▶ YOUR OBJECTIVE: Reproduce the data below word for word, setting aside any picture it holds.

▶ INPUT DATA:

[Start of section]

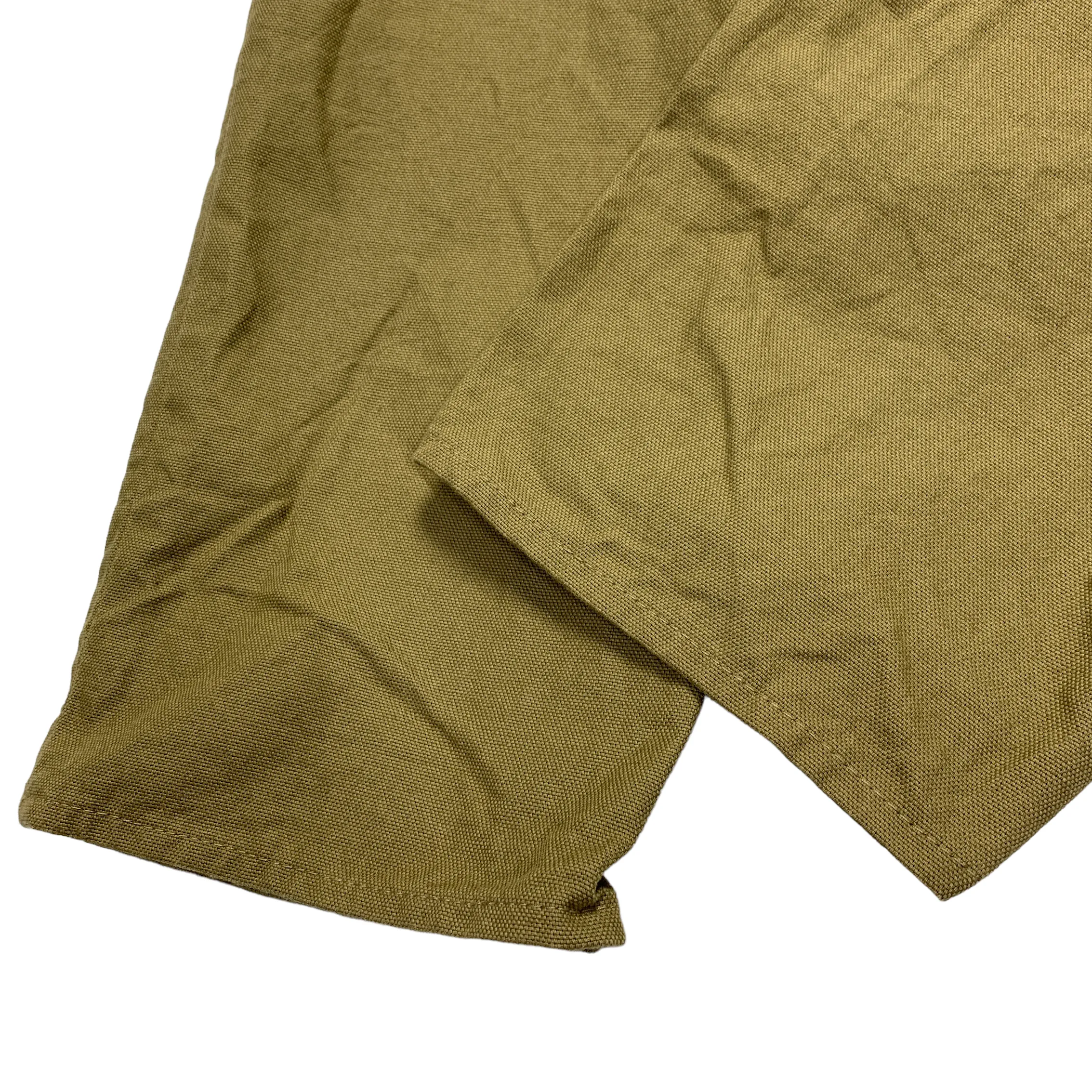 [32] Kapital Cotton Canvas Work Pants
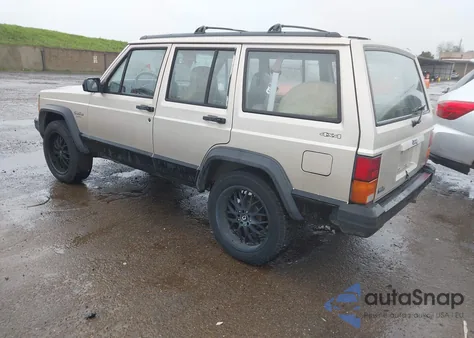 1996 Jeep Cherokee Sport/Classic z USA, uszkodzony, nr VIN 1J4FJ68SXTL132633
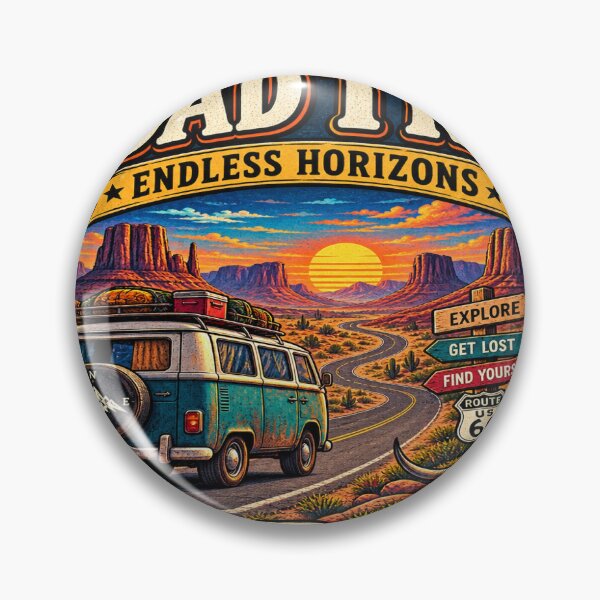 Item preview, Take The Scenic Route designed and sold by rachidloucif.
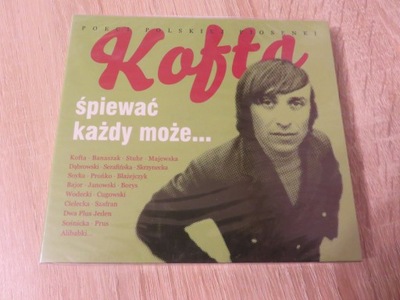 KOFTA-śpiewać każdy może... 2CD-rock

[End of section]

▶ WRITTEN RESPONSE:
 [32] Kapital Cotton Canvas Work Pants
 1996 Jeep Cherokee Sport/Classic z USA, uszkodzony, nr VIN 1J4FJ68SXTL132633
 Item preview, Take The Scenic Route designed and sold by rachidloucif.
 KOFTA-śpiewać każdy może... 2CD-rock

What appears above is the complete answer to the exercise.